# looking for a 7" tablet for a decent price



## xarmok7 (Jun 29, 2011)

I am thinking about getting the archos one coming out in January. I have heard that the video sites have been a problem. Is this generally true? Is it better to get a 7" or 10" gingerbread tablet than a 7" honeycomb?

Does anyone know of a decent tablet that has the actual market and a camera, preferably one on the front with flash and a decent size hard drive?


----------



## Masterchiefxx17 (Feb 27, 2010)

Check out this.. You may like this.

HTC Flyer


----------



## Masterchiefxx17 (Feb 27, 2010)

*Re: honeycomb 3.2 problems for 7" tablets*

Archos has a huge screen problem, as its hard to use their touch screens.
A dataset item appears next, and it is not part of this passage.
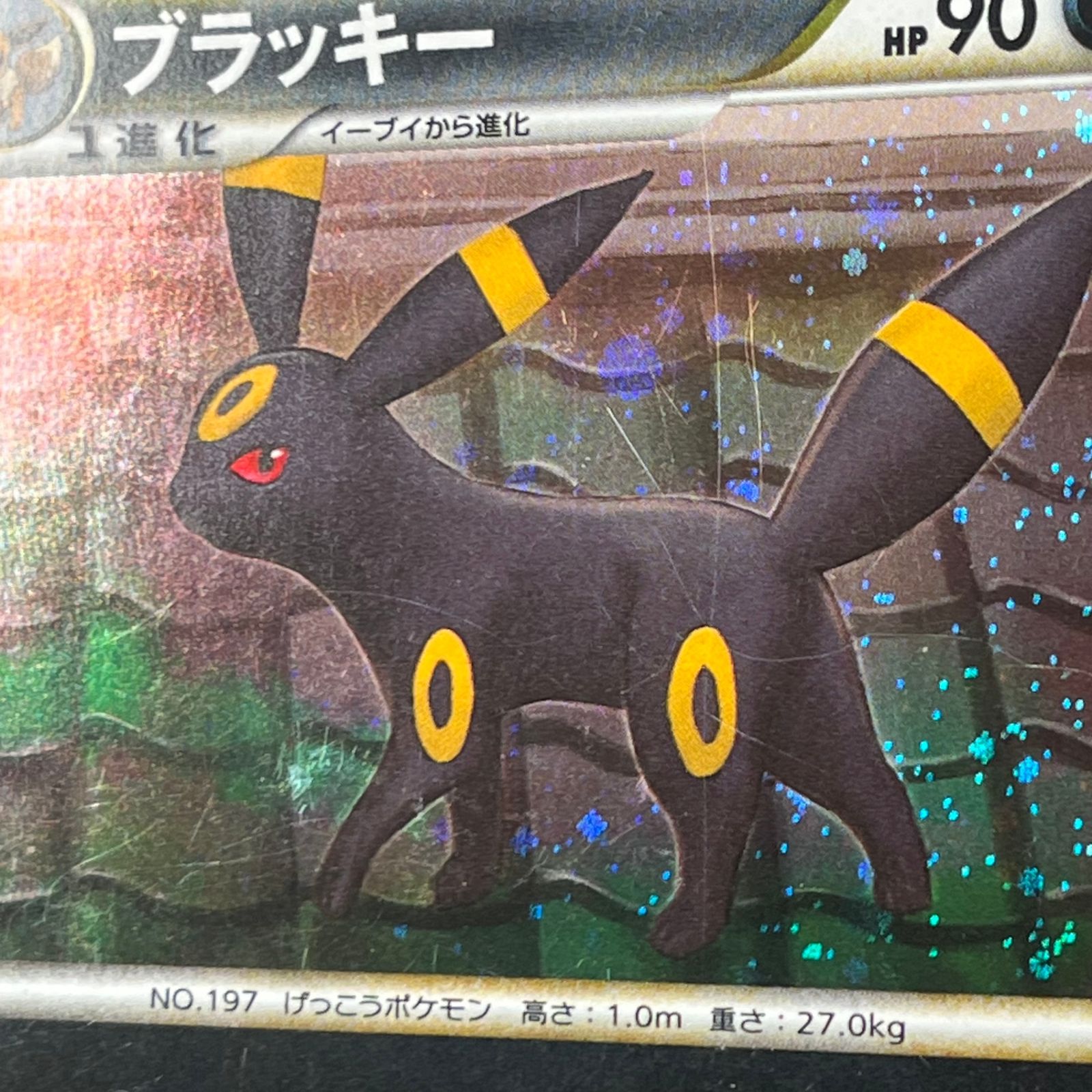 ポケカ ブラッキー ☆ 1ED 1st 037/080 よみがえる伝説 - メルカリ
The reviews arnt that good for Archoes products.


----------



## Masterchiefxx17 (Feb 27, 2010)

*Re: honeycomb 3.2 problems for 7" tablets*

This is why we don't like people making more then one post about the same topic.


----------



## Coolfreak (May 27, 2008)

Threads merged - *Thanks Masterchiefxx17*.


----------



## xarmok7 (Jun 29, 2011)

I apologize for the double post but it would not let me edit the post at that moment, so that is why I started a second post. I try not to do so. 

As for the htc flyer;it is almost $500. I could get an ipad for a little more. The archos is $200 as is the kindle fire. I am looking for something in that range, if such a thing exists. Thanks.


----------



## Masterchiefxx17 (Feb 27, 2010)

Ok, then check this tablet out.

Its a very nice Acer 7in screen!

Acer - Iconia Tablet with 8GB Memory - Steel Blue - A100-07U08U

Also has better specs then an Archos for a little bit more.

Also an iPad is not worth the money. All it is is a super sized ipod IMO.


----------



## Coolfreak (May 27, 2008)

I highly recommend the Acer - great tablet if you're looking for a middle range tablet.


----------



## Shotgun4 (Aug 29, 2011)

I have owned an Archos 70 It, Archos, 80Gen 9 Turbo 1.2Ghz, Blackberry Playbook, and an Acer a100. Out of all those tablets, for the price I love and can't get over my Acer a100! Second i would go for the Archos 80 Gen9, the screen is also amazing you wont regret it, they have really steped up there act on the screen on thos new tablets, even the archos 70 i still play around with.The Playbook was nice, it was fast and smooth, but I can't get away from my love for android. And the Acer a100 gives out great performance and it works great along side with my HTC evo 3d! I mostly use the Acer a100 as my 1st choice tablet as is is very very smooth with the new.honeycomb upgrade! 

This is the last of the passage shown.